[Records from a data source]

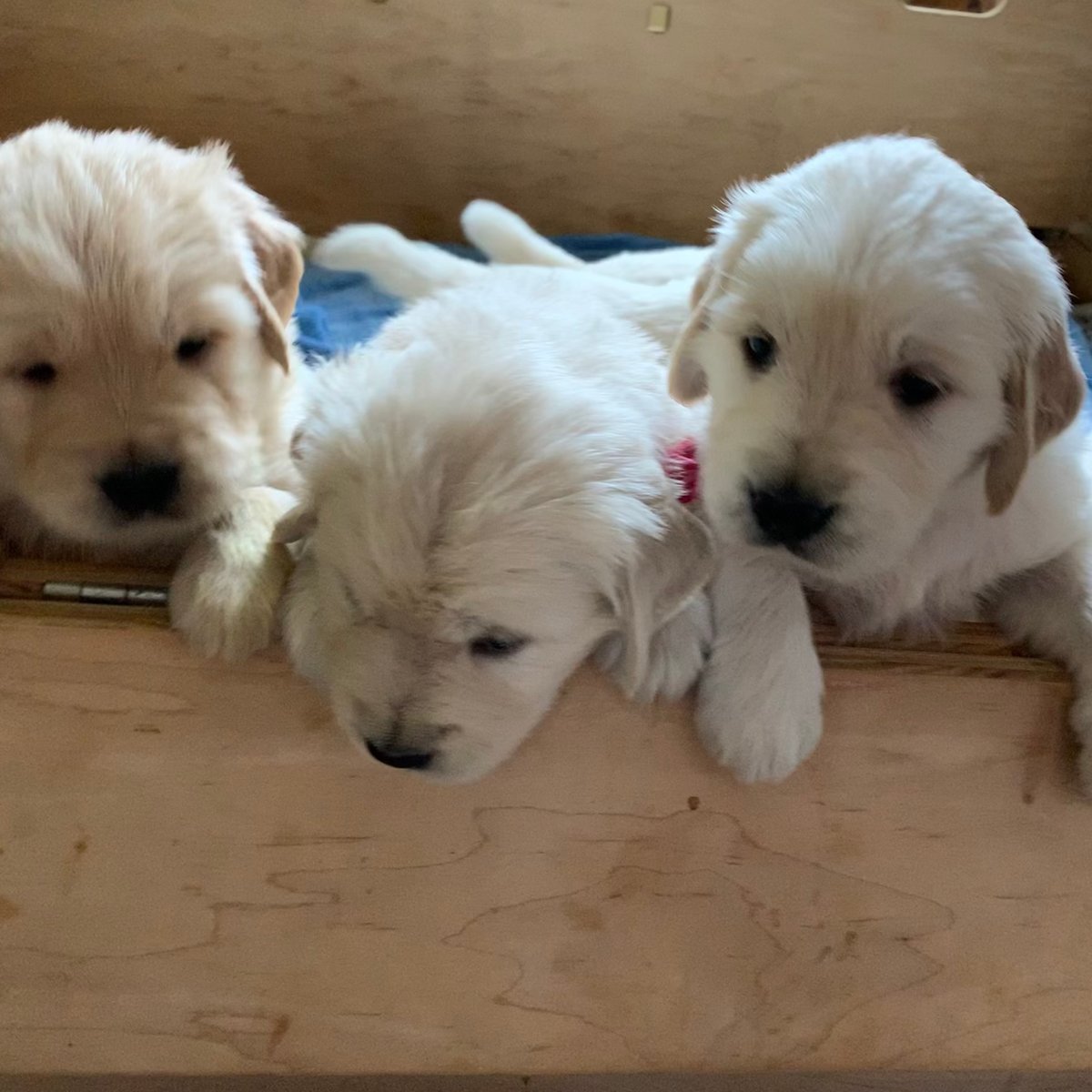 Akc Golden Retriever 1/2 Am. 1/2 English Cream For 2022! Not Now in ...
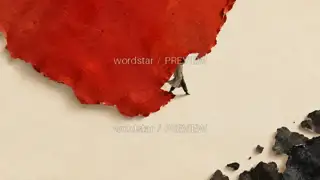 借过这片红 · 插画 图像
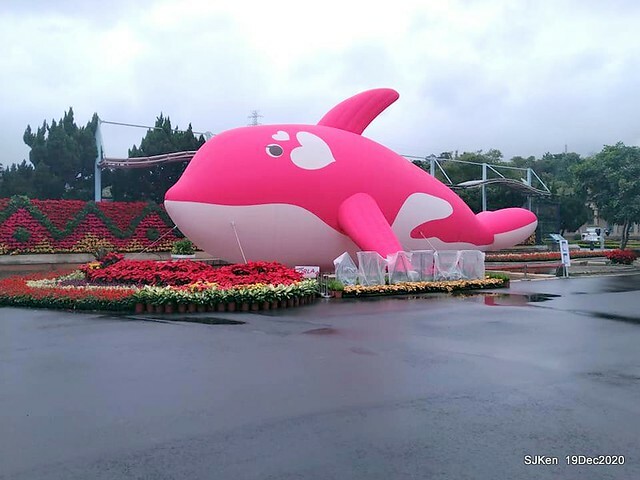 「安平虎鯨家族」(Killer Whale art exhibition) at 「台北自來水園區」(Taipei Water Park, Dec 19, 2020, SJKen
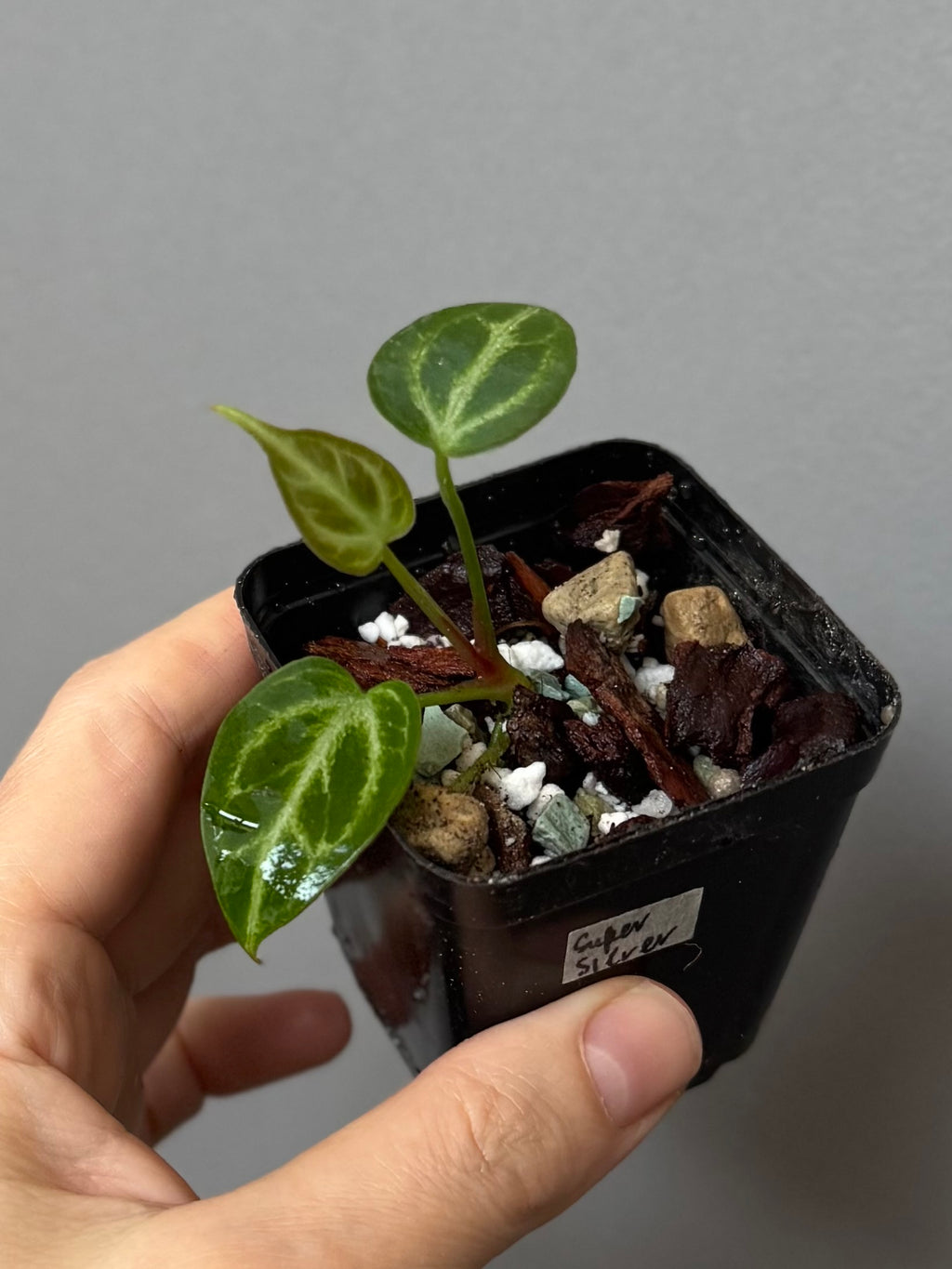 Anthurium Super Silver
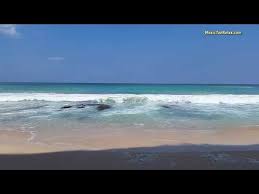 12 Ocean Sound 6 Hours Of Deep Sleep Relaxing Sounds Of Waves Sounds Of Nature Youtube In 2020 Ocean Sounds Ocean Waves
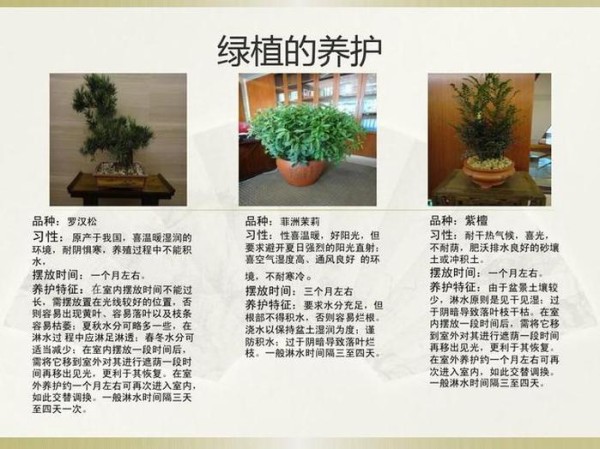 各种绿植的养护方法；绿植维护及保养方案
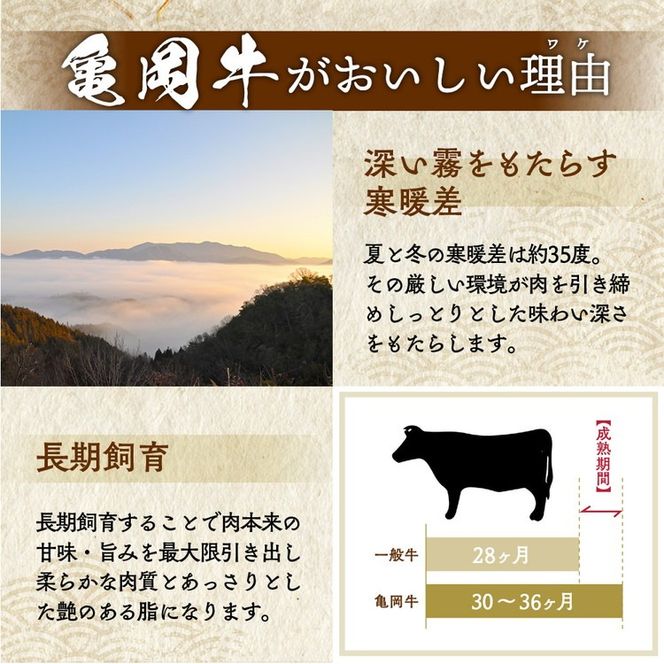 【全6回定期便】亀岡牛 定期便 亀岡牛専門店が厳選 お楽しみ 食べ比べ セット ≪冷凍 焼肉 すき焼き サーロイン ステーキ ローストビーフ 赤身 もも 肉 牛肉 国産牛 黒毛和牛 肉定期便 京都 丹波 BBQ 人気 おすすめ≫ ※離島への配送不可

WHAT IS REQUIRED
No pictures belong in the copy: reproduce exactly the lines above from the one that contains "各种绿植的养护方法；绿植维护及保养方案" through the last line of the entries.

TASK ANSWER
 各种绿植的养护方法；绿植维护及保养方案
 【全6回定期便】亀岡牛 定期便 亀岡牛専門店が厳選 お楽しみ 食べ比べ セット ≪冷凍 焼肉 すき焼き サーロイン ステーキ ローストビーフ 赤身 もも 肉 牛肉 国産牛 黒毛和牛 肉定期便 京都 丹波 BBQ 人気 おすすめ≫ ※離島への配送不可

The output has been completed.